Data Block Start

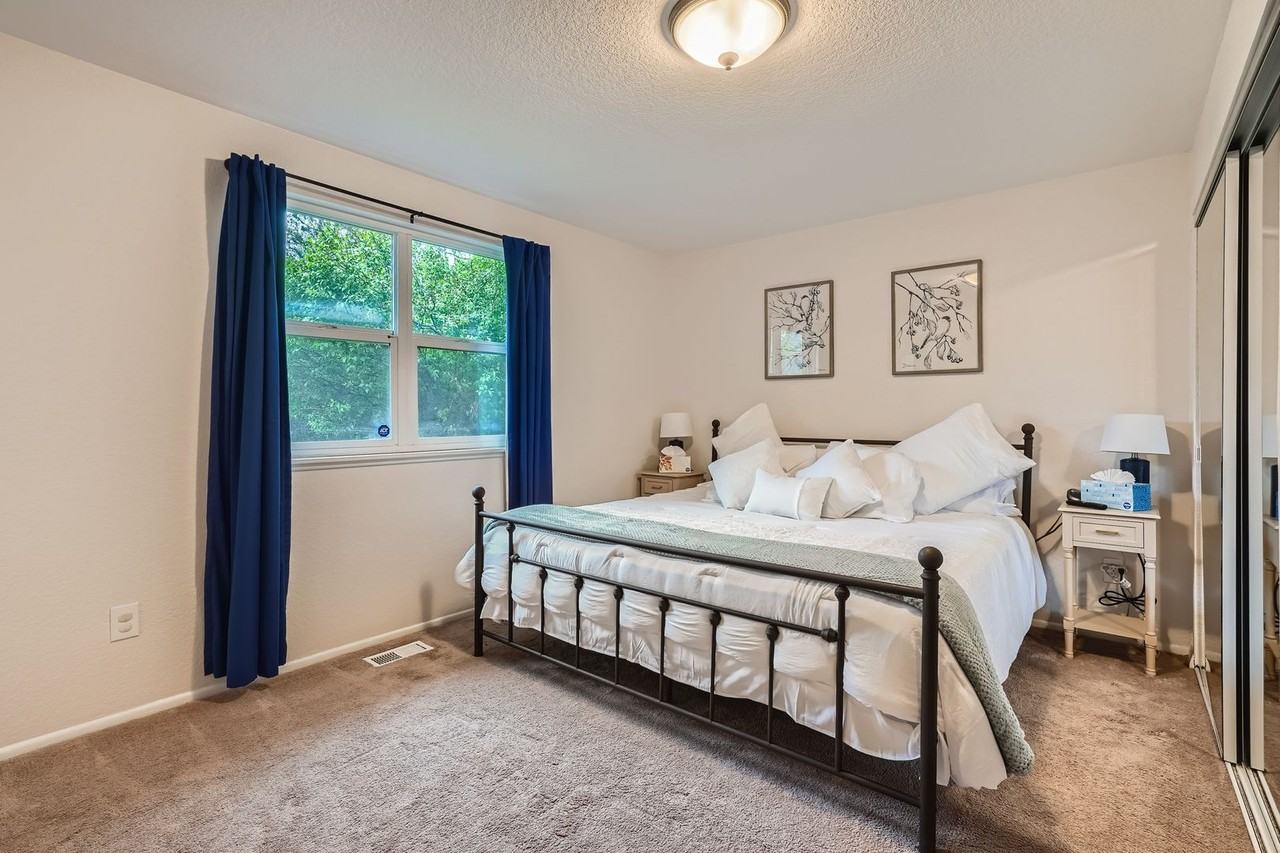 284 Short Pl - Photo 3 of 27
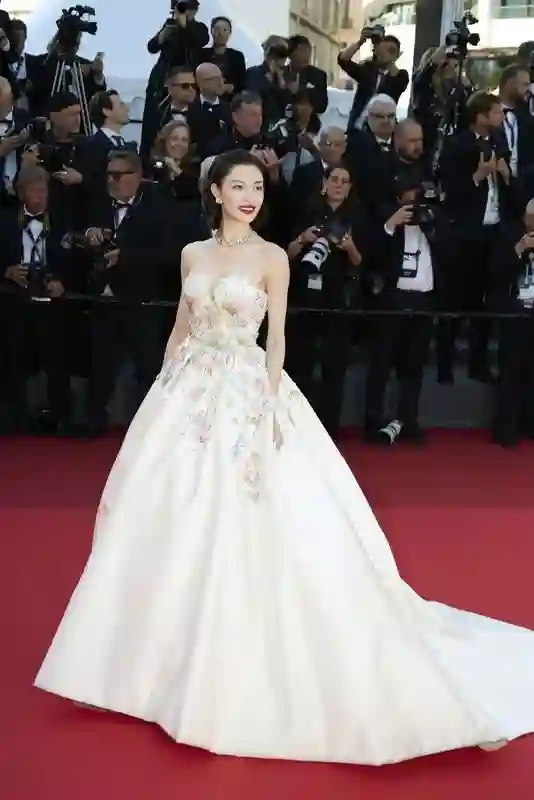 中国女星戛纳巅峰对决：她穿成东方名伶扛住生图，而她一改面相清纯变凌厉……
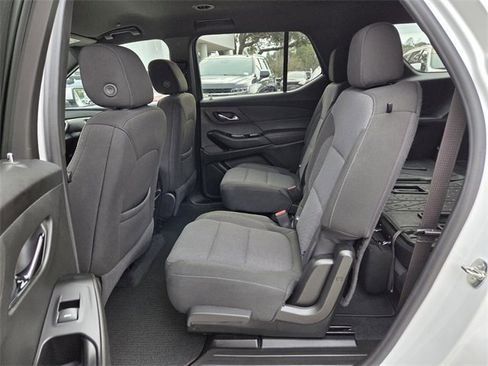 Certified 2023 Chevrolet Traverse LT image 13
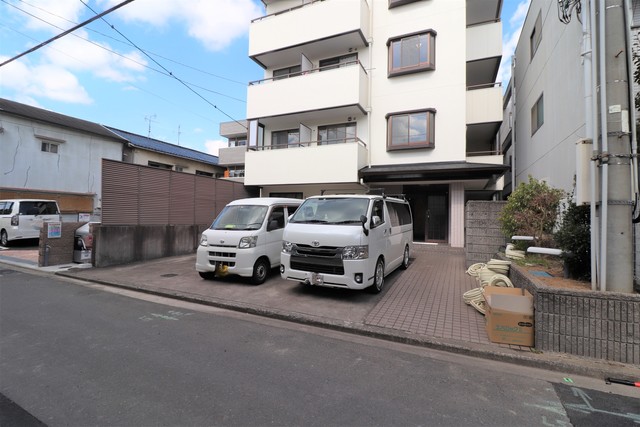 駐車場　敷地内駐車場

Data Block End

Whenever images occur above, omit them and retype each line exactly as it stands.

 284 Short Pl - Photo 3 of 27
 中国女星戛纳巅峰对决：她穿成东方名伶扛住生图，而她一改面相清纯变凌厉……
 Certified 2023 Chevrolet Traverse LT image 13
 駐車場　敷地内駐車場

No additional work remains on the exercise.